Pantun dan peribahasa adalah salah satu bukti kayanya Bahasa Indonesia. Berasal dari budaya Melayu, dua hal ini menunjukkan bahasa digunakan dalam tingkat yang lebih tinggi sebab masyarakat telah berpikir secara kontekstual. Banyak sekali ungkapan unik dalam Bahasa Indonesia yang menarik untuk dipelajari kembali. Serunya, sekarang kita bisa belajar ungkapan pantun dan peribahasa ini melalui komik berjudul Peri Bahasa.

Komik karya Fachreza Octavio dan LSS ini menggambarkan sebuah dunia di mana bahasa memerankan peranan sangat penting. Menguasai bahasa sama dengan menguasai dunia. Dalam komik ini, Polisi Bahasa bertugas mengontrol penggunaan bahasa agar sesuai dengan kaidah yang berlaku. Di sisi lain ada sekelompok orang yang menginginkan kebebasan menggunakan bahasa untuk mengekspresikan diri yang disebut Peri Basa. Terjadilah pertentangan di antara keduanya yang mana ungkapan peribahasa dan pantun dijadikan sebagai sebuah senjata dalam setiap pertempuran. Setiap serangan dalam komik ini disebut karya. Artinya, di dunia komik Peri Bahasa, adu karya itu sama dengan saling adu jurus/serangan.

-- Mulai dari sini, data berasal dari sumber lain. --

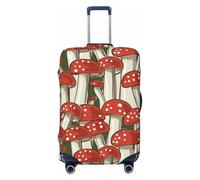 KWQDOZF Funda elástica para Equipaje de Viaje con diseño de Hongo de Dibujos Animados, Color Rojo y Verde, para Maletas de baúl de 19 a 32 Pulgadas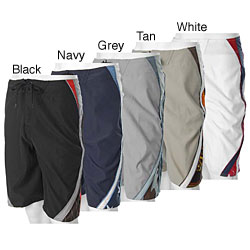 Black Web Men's Tie Waist Board Shorts
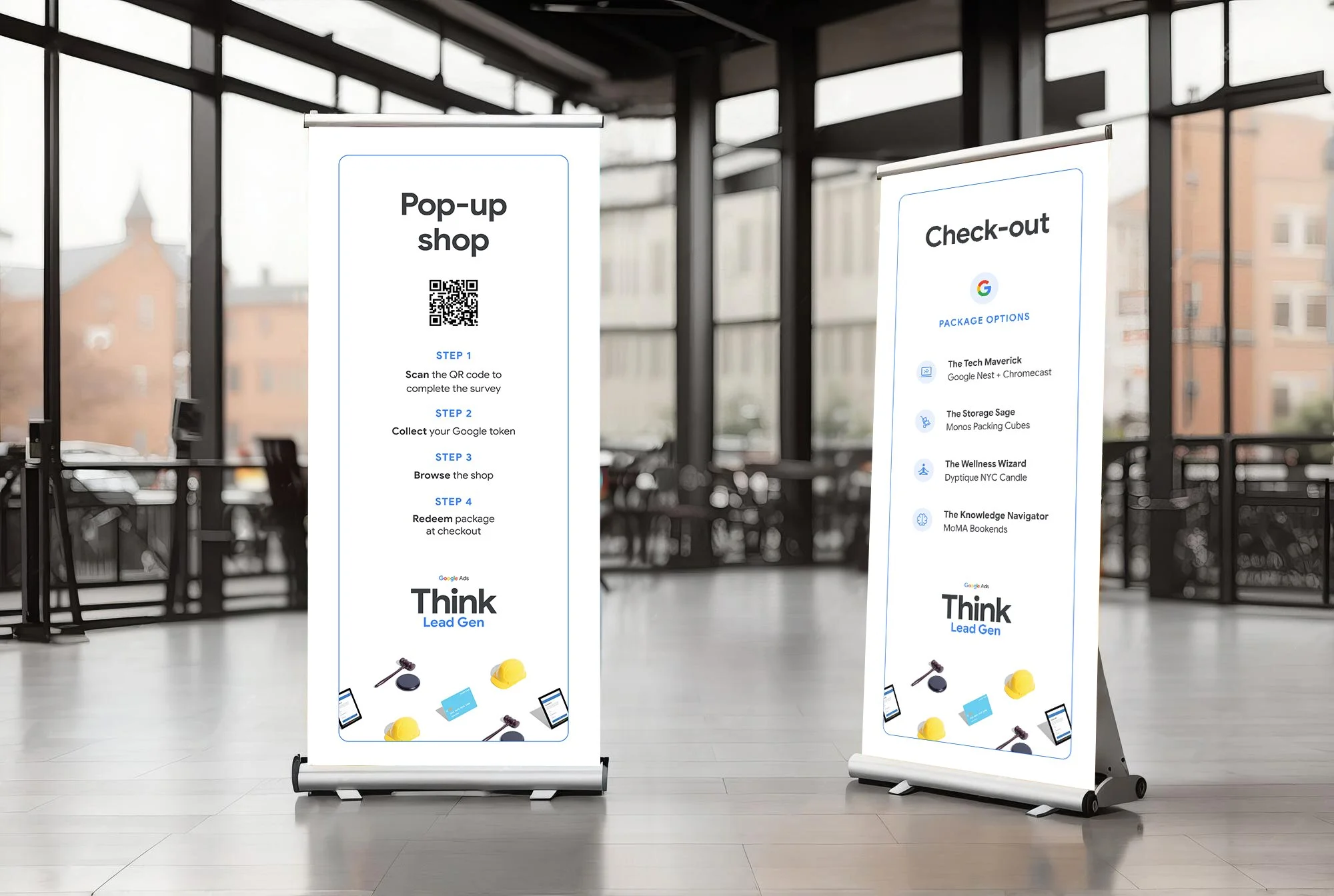 Roll up banners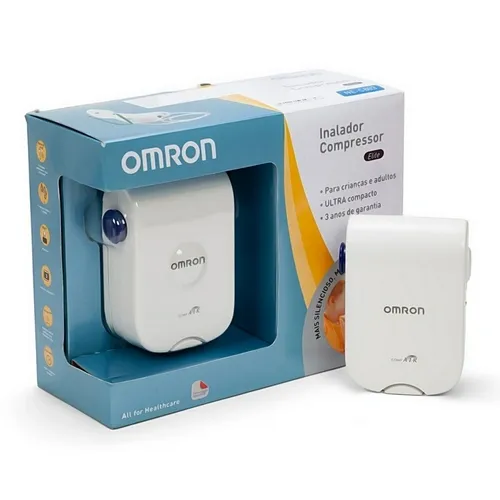 APARELHO NEBULIZADOR OMRON INALADOR COMPRESSOR NEC803 1UN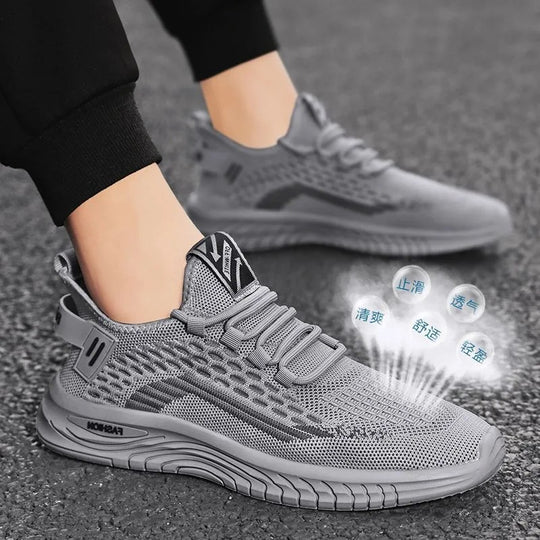 Herren Leichter Strick-Sneaker mit gepolsterter Komfortsohle und atmungsaktivem Mesh Shop Nory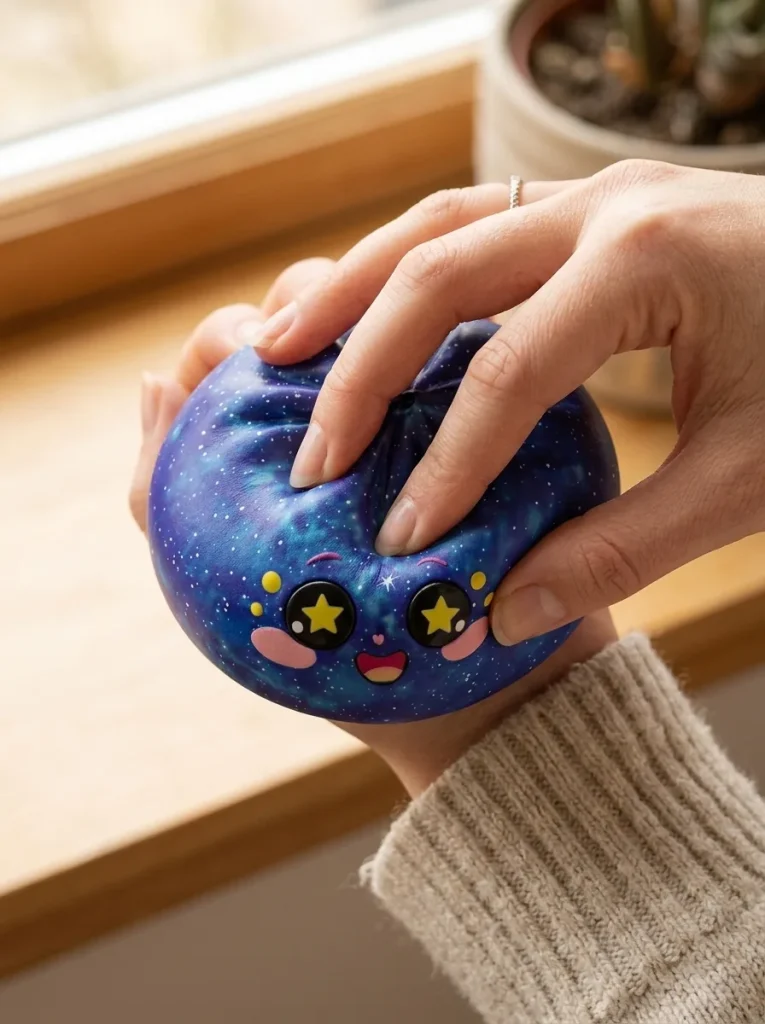 Galaxy Dumpling Squishy Sternenhimmel beim Drücken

Komik Peribahasa ini telah terbit di Kosmik Second Orbit sejak Januari 2017 dan sekarang sudah hampir 6 Bab. Tentunya sudah ada banyak peribahasa yang muncul dan bisa kita pelajari. Berikut beberapa di antaranya:

  1. Diikat Tali Sehasta

Peribahasa ini termasuk yang paling sering digunakan dalam perjalanan cerita Peri Bahasa sejauh ini. Mira dan Siska (dua anggota Polisi Bahasa) mengeluarkannya berkali-kali di Bab 1, Bab 4, hingga Bab 6 nanti. Saat peribahasa ini keluar, muncul seutas tali lebar yang diarahkan pada suatu objek, melilit objek tersebut hingga tak dapat bergerak. Biarpun begitu, kekuatannya bervariasi tergantung penggunanya. Buktinya di Bab 4, Chairil (salah satu anggota Peri Bahasa) dapat menghalau lilitan Siska. Arti dari “Diikat tali sehasta” yaitu berada dalam keadaan yang sangat terbatas. Cukup nyambung, karena saat digunakan para Polisi Bahasa sebagai karya juga membatasi gerak targetnya.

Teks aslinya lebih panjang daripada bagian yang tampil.